▶ **Instructions to follow**: How do the lines read from the one holding "this 1020×768 image." through the last line of the listing? Set them down exactly, pictures omitted.

▶ **Material supplied**:

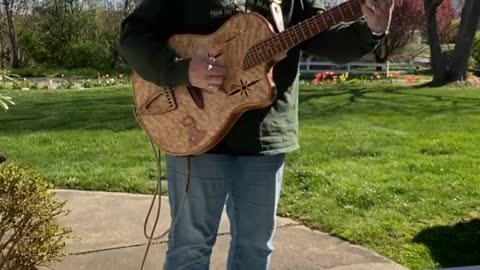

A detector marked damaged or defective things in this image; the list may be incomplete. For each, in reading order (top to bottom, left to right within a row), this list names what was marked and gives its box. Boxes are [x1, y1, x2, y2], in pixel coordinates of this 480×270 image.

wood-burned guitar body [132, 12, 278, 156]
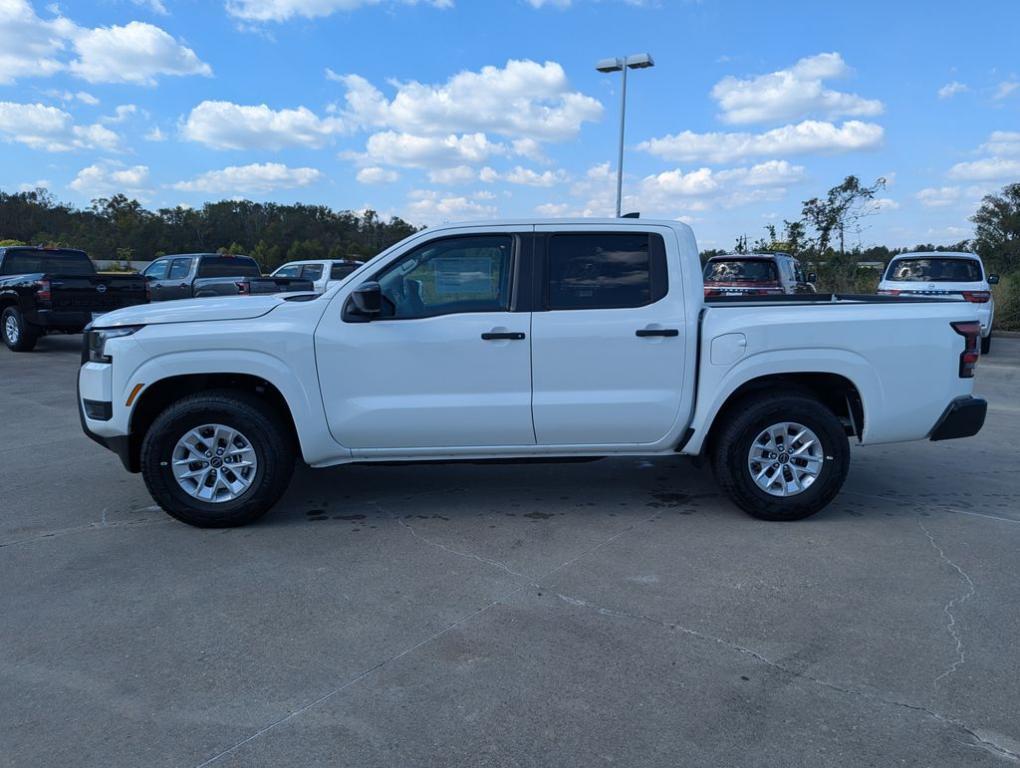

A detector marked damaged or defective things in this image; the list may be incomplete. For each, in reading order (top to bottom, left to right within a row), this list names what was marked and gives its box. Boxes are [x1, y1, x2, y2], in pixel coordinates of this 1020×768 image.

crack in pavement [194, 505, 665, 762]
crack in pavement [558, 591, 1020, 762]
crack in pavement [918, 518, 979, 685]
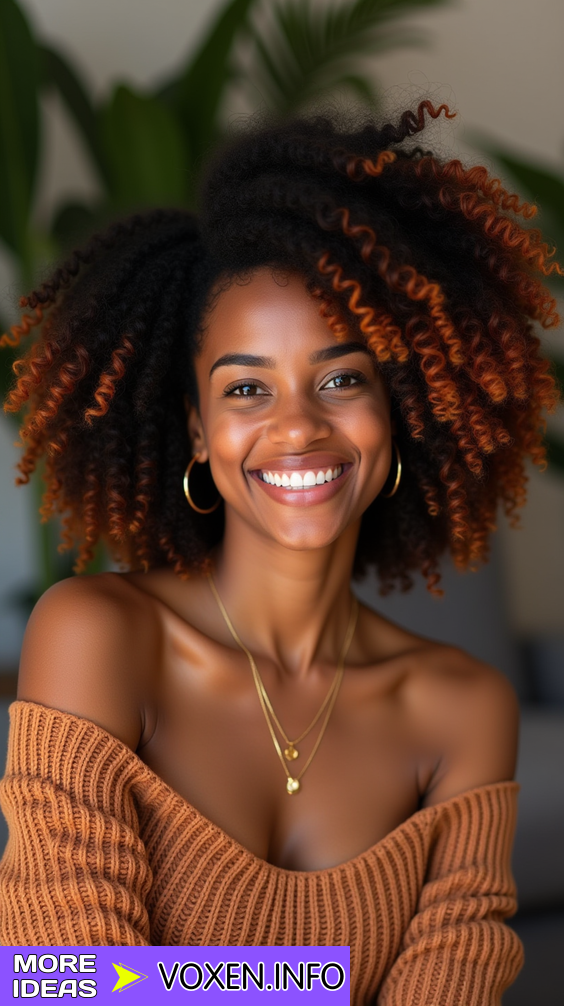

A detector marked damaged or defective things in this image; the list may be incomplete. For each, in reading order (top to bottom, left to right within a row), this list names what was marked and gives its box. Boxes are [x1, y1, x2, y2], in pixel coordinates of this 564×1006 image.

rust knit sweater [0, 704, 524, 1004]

▶ **Result**:
A detector marked damaged or defective things in this image; the list may be incomplete. For each, in reading order (top to bottom, left to right within a row), this list names what was marked and gives its box. Boxes are [x1, y1, x2, y2], in pixel coordinates of this 1020×768 image.

crack in pavement [194, 505, 665, 762]
crack in pavement [558, 591, 1020, 762]
crack in pavement [918, 518, 979, 685]

A detector marked damaged or defective things in this image; the list may be incomplete. For each, in reading order (top to bottom, left to right within a row), this list names what was marked and gives its box. Boxes are [x1, y1, x2, y2], in pixel coordinates of this 564×1006 image.

rust knit sweater [0, 704, 524, 1004]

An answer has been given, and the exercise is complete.